Si algo promete todo purgatorio -hasta el más lujoso- es el encuentro con uno mismo. El dolor cuando no mata, enseña. Los selectos pensionistas del spa suntuoso van a curarse de ellos mismos. La cobardía de buscar culpables para no asumir la responsabilidad de los propios errores se pone en crisis frente al paisaje de esa anemia espiritual inmune a todo mecanismo de defensa. El diálogo es interno, sucede entre las paredes difusas de la decepción. Todos han sido víctimas de su propia opacidad (hasta el monje tibetano que contra la adversidad de los pronósticos consigue levitar). Para alcanzar la paz interior, fuente de toda elevación, antes hay que morder el veneno de las malas ortigas.

Los personajes de Juventud parecen obedecer a ese verso de Discépolo que dice: somos la mueca de lo que soñamos ser. Cada uno de ellos arrastra su sombra, su baba de caracol contra el vacío. El director de orquesta que interpreta Michael Caine sufre el peso de su conciencia que le recuerda las disonancias de una vida miserable, alienada por el éxito profesional y agobiada por el infortunio de su frustrada experiencia amorosa. El caso de Mick Boyle (Harvey Keitel) es diferente, encarna el ocaso del director de cine pensado como autor, capaz de estampar su firma aún en obras imperfectas pero personales. Lena es abandonada por su esposo. El trabajo consciente sobre esa pérdida le permitirá recobrar el camino hacia el corazón herido de su padre. Las certezas equívocas con las que juzgaba al músico celoso de su arte anidaban en un prejuicio limitante alimentado por el carácter acaso antigregario del severo director. Jimmy Tree, bordado de manera impecable por Paul Dano, es un actor insatisfecho con la orientación de su carrera. Siente algo que Scott Fitzgerald supo expresar como nadie: ninguna carrera decente se ha basado jamás en el público. La vida le reservará un pequeño milagro en ese spa que pondrá en duda el veneno de sus pálidas certezas.

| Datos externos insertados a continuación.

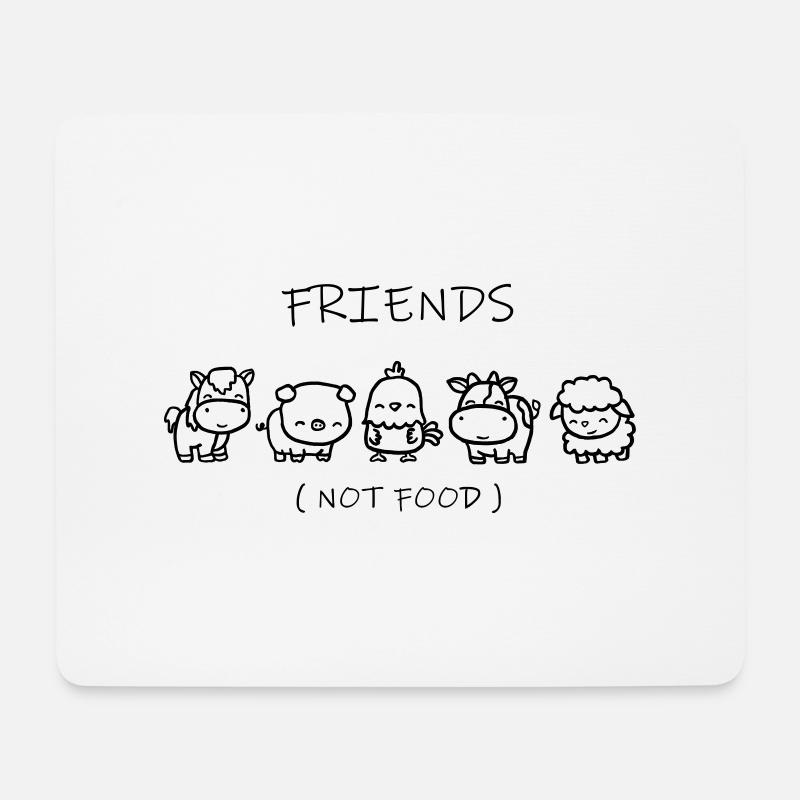 Friends not food / Freunde kein Essen/Vegetarier - Mousepad (Querformat) - Weiß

La escena que resume, iba a escribir rezuma, toda la película es la de los binoculares en manos de Mick Boyle (Harvey Keitel). El mítico director que encarna se enfrenta a la inmensidad del paisaje en el punto panorámico y lo contempla desde ambos extremos de los prismáticos. Comprueba algo asombroso: el pasado se ve con una focal que nos aleja del horizonte; el presente, en cambio, siempre parece cercano. La vejez nos invita a mirar desde la cara de los prismáticos que nos aleja de la realidad. Esa metáfora vale por todo la película. El tiempo, la vida, es el cambio inevitable de las perspectivas. Jane Fonda, interpretando a una actriz en decadencia, le hará notar justamente eso mismo al realizador vencido, no sin antes desmoronar su última esperanza. El estro del artista se apaga como la lumbre del deseo devorado por la oscuridad.

Paolo Sorrentino, una vez más, nos recuerda con la tenue belleza de la emoción que el tiempo no es un lugar donde quedarse.